In the past, when people were living in small societies and there was not much development as you see today. They were helping each other through barter system to mutually benefit one another. Barter system means exchange of one kind of goods and services for another kind of goods and services. There was no involvement of money in barter system.

This was happening in ancient civilisations. Some examples of Barter System are:

  • In the past traders from Europe used to trade goods such as fur and crafts in return for perfumes and silk from the Eastern part of the world.
  • In many tribal societies in India families used to exchange labour services in return for food and other labour services. For example, if a family needs labourers to harvest crop then another family would come to provide the service with the promise that it will get the same type of help in return either for harvesting crop or roofing house, etc.
  • People in various occupations, namely, farmers, artisans, cobblers, carpenters, etc. used to exchange their products and services among themselves.

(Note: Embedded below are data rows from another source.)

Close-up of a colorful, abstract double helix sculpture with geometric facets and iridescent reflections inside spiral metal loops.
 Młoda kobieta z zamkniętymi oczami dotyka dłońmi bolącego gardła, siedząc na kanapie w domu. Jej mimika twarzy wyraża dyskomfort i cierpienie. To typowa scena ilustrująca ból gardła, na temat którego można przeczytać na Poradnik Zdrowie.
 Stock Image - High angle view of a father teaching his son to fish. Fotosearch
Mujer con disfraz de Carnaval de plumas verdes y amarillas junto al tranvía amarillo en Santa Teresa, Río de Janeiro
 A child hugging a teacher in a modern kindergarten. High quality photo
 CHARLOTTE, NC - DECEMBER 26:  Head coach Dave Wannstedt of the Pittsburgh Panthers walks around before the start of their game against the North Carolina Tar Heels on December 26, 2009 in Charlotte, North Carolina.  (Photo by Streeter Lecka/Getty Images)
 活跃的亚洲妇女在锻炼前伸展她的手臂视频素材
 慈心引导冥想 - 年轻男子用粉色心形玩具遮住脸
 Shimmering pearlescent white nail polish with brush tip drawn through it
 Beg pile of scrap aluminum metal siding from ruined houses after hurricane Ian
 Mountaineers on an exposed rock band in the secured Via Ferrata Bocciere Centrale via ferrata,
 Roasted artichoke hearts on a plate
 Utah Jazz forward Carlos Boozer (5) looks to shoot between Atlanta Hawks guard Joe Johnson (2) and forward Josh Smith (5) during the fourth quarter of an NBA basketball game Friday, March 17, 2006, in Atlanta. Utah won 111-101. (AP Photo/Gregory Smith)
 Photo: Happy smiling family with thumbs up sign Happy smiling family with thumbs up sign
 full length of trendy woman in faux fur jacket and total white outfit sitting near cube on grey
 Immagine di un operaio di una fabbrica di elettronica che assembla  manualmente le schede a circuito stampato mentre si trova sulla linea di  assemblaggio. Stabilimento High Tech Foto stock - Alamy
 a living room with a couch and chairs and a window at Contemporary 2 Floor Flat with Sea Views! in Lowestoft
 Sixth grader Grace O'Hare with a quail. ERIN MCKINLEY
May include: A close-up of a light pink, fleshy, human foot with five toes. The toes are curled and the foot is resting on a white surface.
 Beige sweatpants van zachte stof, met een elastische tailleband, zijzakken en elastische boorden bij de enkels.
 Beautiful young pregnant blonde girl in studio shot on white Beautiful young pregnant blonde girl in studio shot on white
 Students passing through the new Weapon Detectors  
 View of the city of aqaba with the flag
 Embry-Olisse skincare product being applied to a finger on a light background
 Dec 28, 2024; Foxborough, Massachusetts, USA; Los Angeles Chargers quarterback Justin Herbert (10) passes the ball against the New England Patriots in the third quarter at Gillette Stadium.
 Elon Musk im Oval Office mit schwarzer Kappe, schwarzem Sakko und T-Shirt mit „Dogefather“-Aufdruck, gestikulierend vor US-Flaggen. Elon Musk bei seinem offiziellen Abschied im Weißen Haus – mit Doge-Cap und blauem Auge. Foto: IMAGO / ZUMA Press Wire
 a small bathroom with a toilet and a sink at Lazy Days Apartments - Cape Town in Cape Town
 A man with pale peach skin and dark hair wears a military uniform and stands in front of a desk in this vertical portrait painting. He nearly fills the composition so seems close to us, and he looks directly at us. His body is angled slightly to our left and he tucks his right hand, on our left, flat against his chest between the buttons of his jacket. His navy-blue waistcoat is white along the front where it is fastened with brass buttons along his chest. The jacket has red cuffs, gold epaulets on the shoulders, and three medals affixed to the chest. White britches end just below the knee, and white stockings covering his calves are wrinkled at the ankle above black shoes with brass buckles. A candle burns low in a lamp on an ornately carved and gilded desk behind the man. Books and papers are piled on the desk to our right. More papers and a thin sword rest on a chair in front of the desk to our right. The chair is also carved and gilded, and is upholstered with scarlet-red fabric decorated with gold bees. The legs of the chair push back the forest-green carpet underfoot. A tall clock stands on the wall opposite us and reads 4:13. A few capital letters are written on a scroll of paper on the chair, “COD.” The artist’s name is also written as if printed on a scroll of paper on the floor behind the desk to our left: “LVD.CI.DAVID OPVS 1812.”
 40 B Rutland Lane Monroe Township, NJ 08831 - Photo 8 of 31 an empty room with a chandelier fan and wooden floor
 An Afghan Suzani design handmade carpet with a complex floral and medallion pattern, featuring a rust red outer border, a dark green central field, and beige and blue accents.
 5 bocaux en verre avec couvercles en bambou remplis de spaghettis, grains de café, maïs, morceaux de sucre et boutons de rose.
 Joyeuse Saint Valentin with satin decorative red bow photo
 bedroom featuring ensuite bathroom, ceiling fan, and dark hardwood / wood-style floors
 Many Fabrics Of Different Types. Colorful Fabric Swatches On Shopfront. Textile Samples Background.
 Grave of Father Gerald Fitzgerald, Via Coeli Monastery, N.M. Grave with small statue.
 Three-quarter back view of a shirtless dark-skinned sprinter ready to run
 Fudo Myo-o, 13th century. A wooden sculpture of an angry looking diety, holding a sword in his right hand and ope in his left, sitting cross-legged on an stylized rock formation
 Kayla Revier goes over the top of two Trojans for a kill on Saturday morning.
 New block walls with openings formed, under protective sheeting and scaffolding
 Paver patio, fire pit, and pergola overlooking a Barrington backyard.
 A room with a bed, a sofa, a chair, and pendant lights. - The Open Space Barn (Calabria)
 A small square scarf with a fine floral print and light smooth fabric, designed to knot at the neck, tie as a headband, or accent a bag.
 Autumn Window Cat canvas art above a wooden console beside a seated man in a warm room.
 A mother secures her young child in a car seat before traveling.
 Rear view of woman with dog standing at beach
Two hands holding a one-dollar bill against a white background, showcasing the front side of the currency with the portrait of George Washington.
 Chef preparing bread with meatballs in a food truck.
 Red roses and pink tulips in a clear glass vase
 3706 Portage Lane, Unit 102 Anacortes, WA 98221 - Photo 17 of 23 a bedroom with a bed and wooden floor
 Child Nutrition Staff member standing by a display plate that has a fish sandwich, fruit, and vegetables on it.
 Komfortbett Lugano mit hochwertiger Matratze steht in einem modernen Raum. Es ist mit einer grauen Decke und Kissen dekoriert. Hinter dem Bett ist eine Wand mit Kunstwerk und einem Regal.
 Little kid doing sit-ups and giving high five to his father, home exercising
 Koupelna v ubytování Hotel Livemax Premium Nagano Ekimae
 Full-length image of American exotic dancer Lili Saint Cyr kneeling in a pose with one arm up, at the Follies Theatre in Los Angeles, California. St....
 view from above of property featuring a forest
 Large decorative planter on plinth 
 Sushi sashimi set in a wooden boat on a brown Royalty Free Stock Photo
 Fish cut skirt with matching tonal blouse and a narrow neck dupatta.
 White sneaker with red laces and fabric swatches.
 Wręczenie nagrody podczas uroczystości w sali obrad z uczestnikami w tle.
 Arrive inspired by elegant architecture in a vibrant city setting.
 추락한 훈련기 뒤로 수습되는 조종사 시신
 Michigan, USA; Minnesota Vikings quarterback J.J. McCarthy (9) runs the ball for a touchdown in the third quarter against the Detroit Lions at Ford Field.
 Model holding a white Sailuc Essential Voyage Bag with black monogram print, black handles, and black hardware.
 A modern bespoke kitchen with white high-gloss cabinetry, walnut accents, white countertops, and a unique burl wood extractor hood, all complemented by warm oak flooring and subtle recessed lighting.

The barter system is not prevalent now. In today’s world nobody pays any good in exchange of another good. Everybody pays money to buy goods and services.

Demerits of Barter System

1. A common problem with the barter system is the lack of double coincidence of wants. Double coincidence of wants mean that if one wants to exchange some good with another person then the latter must also be willing to exchange his good with the first person. For example, a person wants cloth and he has rice with him to offer in return. Then he can exchange rice for cloth with another person who has cloth and who also wants rice. In practical life, such situation may or may not arise.

A related problem of barter system was that, one had to spend lot of time in searching for the person who was ready to exchange. However, in the early period of human civilisation this was a very difficult task as there was no proper facility with regard to transport and communication.

2. Lack of division of goods: Certain goods are not physically divisible into small pieces. Suppose, a person possesses a cow and he wants items, such as cloth, food grains, etc. Then how much of cow can be traded for cloth; how much of cow can be traded for food grains? It was very difficult to determine because, a cow cannot be divided into several pieces.

3. Lack of divisibility of goods: Under barter system, it was difficult to equate the values of different goods which were traded because of lack of common unit of measurement. For example, it will be very difficult to determine the amount of cow required to trade for some specific amount of food grains, or some yards of cloth. 

4. Another problem of barter system is that a person must store a large volume of his own good in order to exchange for his or her desired goods with others on day to day basis. For example, a farmer who has produced wheat. Obviously he will use some amount of wheat for his own consumption and keep some amount to get other necessary items by trading with others. If he wants furniture, then he will go to a carpenter who is willing to trade furniture in return of his wheat. Similarly, if he wants cloth, then he has to trade with a weaver who is ready to give cloth by receiving wheat and so on.

5. A major problem of barter system is that, a good looses its original quality and value if it is stored for a long period. Many goods, such as salt, vegetables, etc, are perishable. Hence, goods were never accepted for trading in future because they could not be used as store of value. This also implies that no good could be used for the purpose of lending and borrowing.

Due to above problems, the barter system could not continue for long. As human civilisation progressed people realised that there has to be some common medium of exchange which can be easily carried, stored, and used to express value of a good. So money came into being. Hence, the need for money arose due to the failure of barter system.